Richmond, Virginia is the ultimate recycling of the human experience. It is like an urban trompe l’oeil in which places where atrocities had been committed upon enslaved people have been transformed in the most charming ways by the passage of time, gentrification, and repurposing. Lacy iron work, sturdy brick row houses, even ancient greenery and trees, seemed to beckon me, a black woman born in Cincinnati, Ohio, to sit a spell and admire them in this place that represents the starkest oppositions in my ancestral past.

That I was even in Richmond in October 2006 was the end result of a set of events that would have been improbable 15, 10 or even five years before. These events and discoveries had both confirmed my suppositions about Americans and race and stretched them to the limits of credibility.

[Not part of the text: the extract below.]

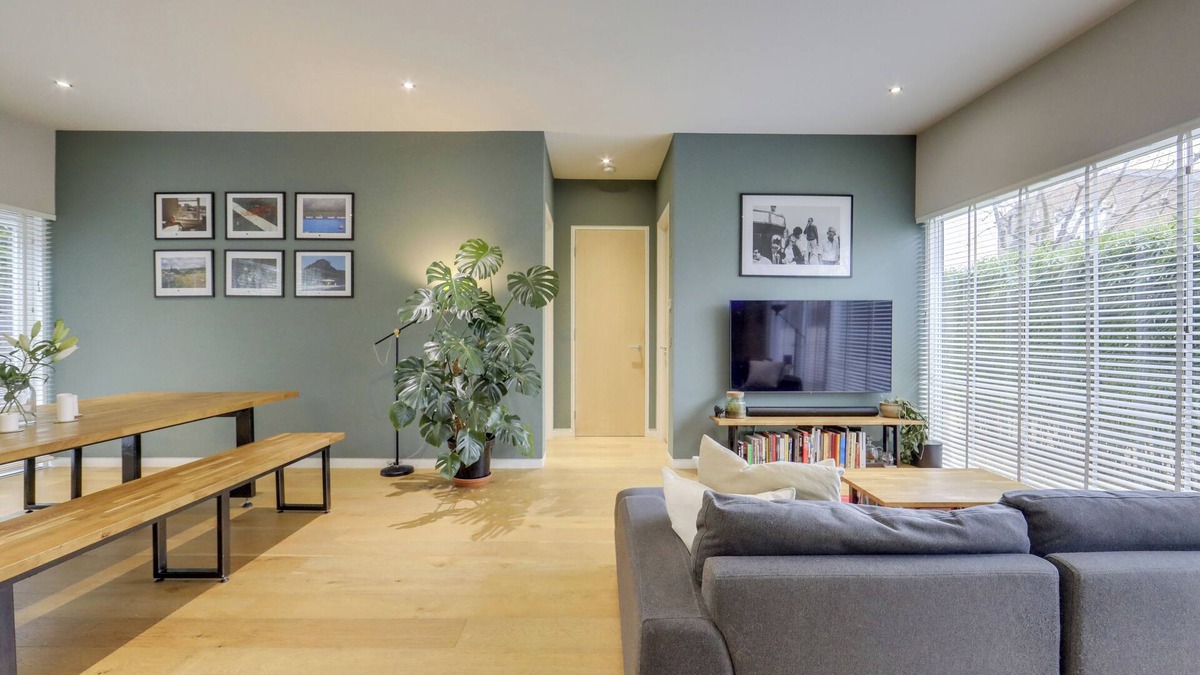Forest Hill Apartment | Wonderful 2-bedroom apartment with WiFi in charming London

A trip to Richmond, Virginia, feminist analysis

Henry A. Wise (Source: Wikipedia)

After years of research and travelling down blind alleys in pursuit of the truth of my family history, I found out that my four times great-grandfather was Henry A. Wise, the former governor of Virginia who signed John Brown’s death warrant. Brown had led an 1859 rebellion against slavery that was one of the precipitating events leading to the Civil War. Before Wise became governor, he had been a U.S. congressman, and after he left the governor’s office, Wise had been appointed a brigadier general in the Confederate Army. During all those years, Wise had a secret son (and possibly a daughter, but neither his biographer nor I have been able to verify her existence) with the only enslaved person he ever freed, Elizabeth Grey. She moved to Washington, D.C. where their son, William Henry Grey, was born free in 1829.

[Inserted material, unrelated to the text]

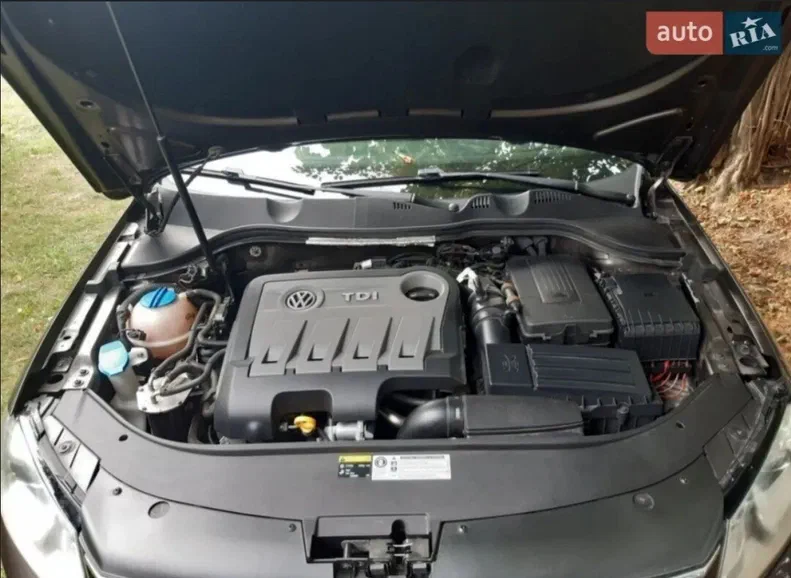 Volkswagen Passat (North America and China) 2013 - 6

As a boy, Grey worked for Wise as a kind of assistant when Wise was in the U.S. Congress, and Wise provided for Grey to learn to read and write. William Henry Grey grew up to be a fiery orator and the first African American to speak at a national political convention when he seconded the nomination of U.S. Grant for the presidency at the National Republican Convention in Philadelphia in 1872. He was a Reconstruction-era Arkansas legislator who fought for the rights of ex-slaves and owned land and raised a family without ever being acknowledged by his father, even during the John Brown upheaval in 1859 when people were pleading in newspaper Letters to the Editor for Wise to pardon Brown, and one even alluded to “that mulatto boy you hold so dear.”

A trip to Richmond, Virginia, feminist analysis

William H. Grey (Source: Arkansas Black Lawyers)

Wise was not under any obligation to free Elizabeth Grey nor did he have to pay for their son William’s education because racial social construction in the U.S. decreed that black enslaved people were property of privileged men, not family. Many privileged white men did favors of different sorts for their black families without recognizing them as kith and kin, and also while seeing them as members of a different race. From this practice of hundreds of years in the U.S., we have inherited and in many ways internalized the “one-drop rule” of determining blackness. The rule holds that if a person has a single black ancestor, or one drop of black blood, that person is black. It is the most restrictive definition of race in the world, and black Americans are the only group in the world subject to its strictures. Most blacks, even if they don’t know the proper term for it are aware of the one-drop rule, yet many white Americans have ambivalent or fuzzy awareness of its existence.

After Barack Obama, an American with a white mother and a black African father, was elected the first black president of the U.S., some white Americans were confused, because they saw Obama as not being black but biracial. Their confusion seemed naïve at best and dishonest at worst. Obama identifies himself as black, and they seemed not to be paying attention to him. He definitely looks black, and with visual cues being so integral to defining race in the U.S., he would never have been taken seriously by a significant portion of the electorate if he had tried to identify himself as white, like all previous presidents, or even biracial. Despite prominence of the myth of racial purity, three quarters of African Americans have European blood. Had these confused individuals never opened their eyes and seen black people around them and wondered why such variety? It almost seemed that they had to deceive themselves into voting for a black man, and the way to do that was to walk into the polls telling themselves he wasn’t really black after all. .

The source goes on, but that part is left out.